利下げ否定の米FRBと利下げ期待の市場

 米国の中央銀行に当たるFRB(連邦準備制度理事会)は3月21~22日に開いたFOMC(連邦公開市場委員会)で、0.25%の利上げを決定しました。

 米国で相次ぐ銀行の経営破綻を受けて、市場では金利を引き上げず据え置くとの見方もありましたが、インフレ抑制を優先した結果となりました。2022年3月のFOMC以降、9会合連続の利上げとなり、政策金利は4.75~5.00%となりました。

 FOMC後に公表された声明文では、これまであった「継続的な引き上げが適切」とする複数回の利上げを示す文言が削除されました。その代わりに「いくらかの追加の引き締めが適切」として、利上げが長続きしないことが示唆されました。
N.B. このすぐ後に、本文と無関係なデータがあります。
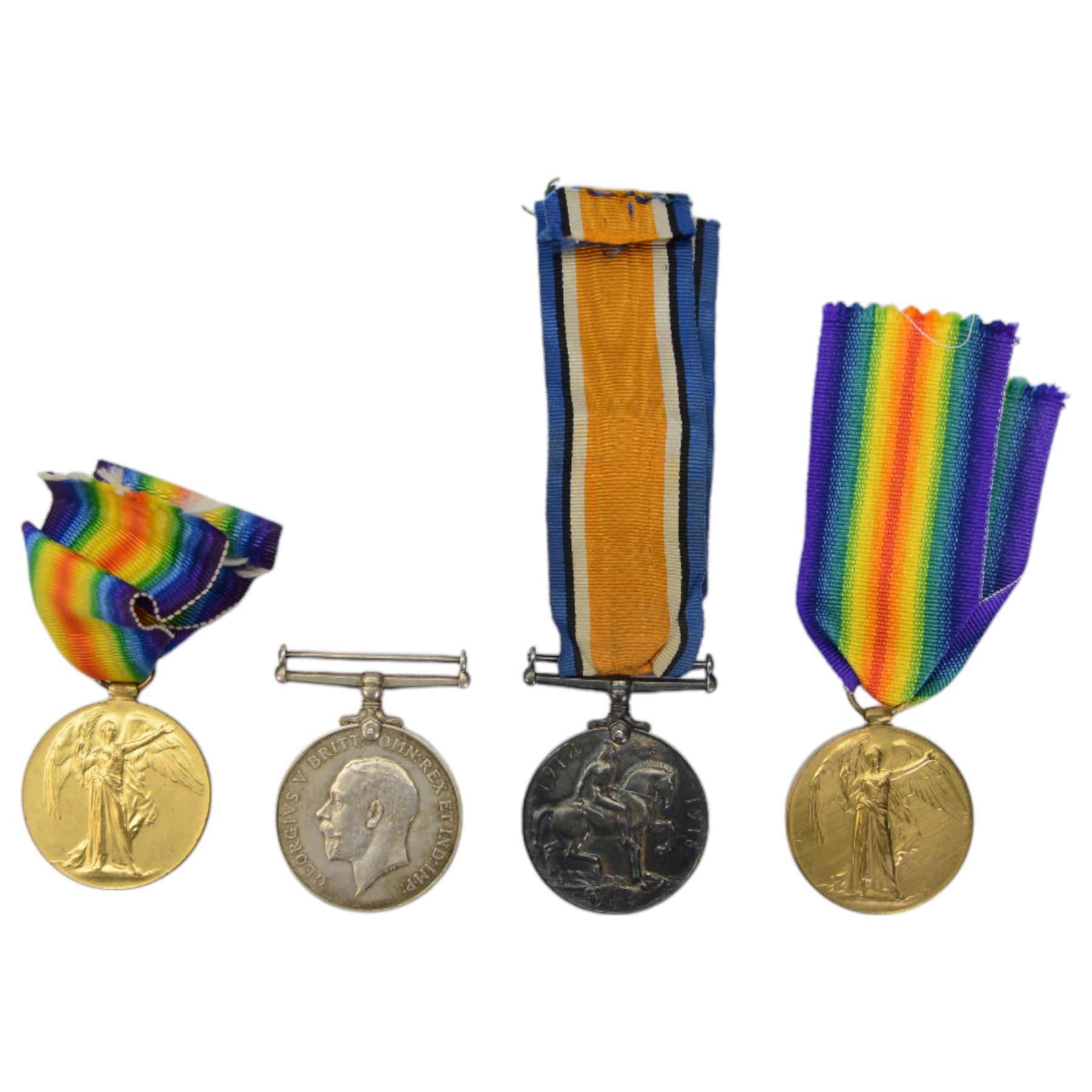 WWI two pairs of medals together with The Soldiers Small Book of Thomas Adams, Kings Message to the RAF, and other military ephemera and a soldiers helmet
 一方で、FRBのパウエル議長がFOMC後の記者会見で「必要であれば、さらに利上げをする」と強調したことから、市場ではややタカ派的と捉えられました。その結果、株価は下がりましたが、為替相場では金融不安の方が重しとなりドル売り地合いとなりました。

 その後、欧州の銀行経営や収益悪化への懸念から欧州銀行株が24日、大きく下落し、ドル相場は一時1ドル=130円を割れました。
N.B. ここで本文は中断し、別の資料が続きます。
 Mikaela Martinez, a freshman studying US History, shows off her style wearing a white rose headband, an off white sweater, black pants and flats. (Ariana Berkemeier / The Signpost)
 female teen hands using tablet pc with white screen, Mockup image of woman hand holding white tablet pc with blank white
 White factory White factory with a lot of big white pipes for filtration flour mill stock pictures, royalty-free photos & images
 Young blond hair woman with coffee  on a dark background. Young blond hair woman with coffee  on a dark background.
 しかし、今週に入って、経営破綻した米シリコンバレー銀行の買収合意との報道が伝わると、米地方銀行株が反発。金融不安はいったん後退しました。このことから1ドル=131円台に戻しています。しかし、上値は重たく、ドル買いに勢いはみられません。

 今回のFOMCでは、今年末の金利見通しが5.125%と、前回昨年12月と同じ水準となったこともドルの上値を重たくしているようです。今年末が5.125%だと、0.25%刻みであと1回の利上げで到達する水準です。5月か6月のFOMCで利上げ打ち止めとなり、インフレ鈍化がその後続き、かつ、景気後退の懸念が強まれば、年内利下げの期待が高まってきます。

 パウエル議長はFOMC後の記者会見で「(インフレは)依然として高すぎ、労働市場は非常に逼迫(ひっぱく)している」と指摘しました。また、年内の利下げは「考えていない」として、市場が期待する近い将来の利下げを否定しました。

 しかし、市場はそうはみていないようです。

 先行きの政策金利の織り込み度を示す米国のCME(シカゴ・マーカンタイル取引所)のフェドウオッチ(*)によると、7月には政策金利が4.50~4.75%になるとの見方が浮上してきています。つまり、7月には現在の水準から利下げされるのではないかとの期待が高まり始めているということです。そして年末には4.25~4.50%や4.0~4.25%の水準などに落ち着くとして、年末にかけてもう一段の利下げがあるとの見方が増えてきています。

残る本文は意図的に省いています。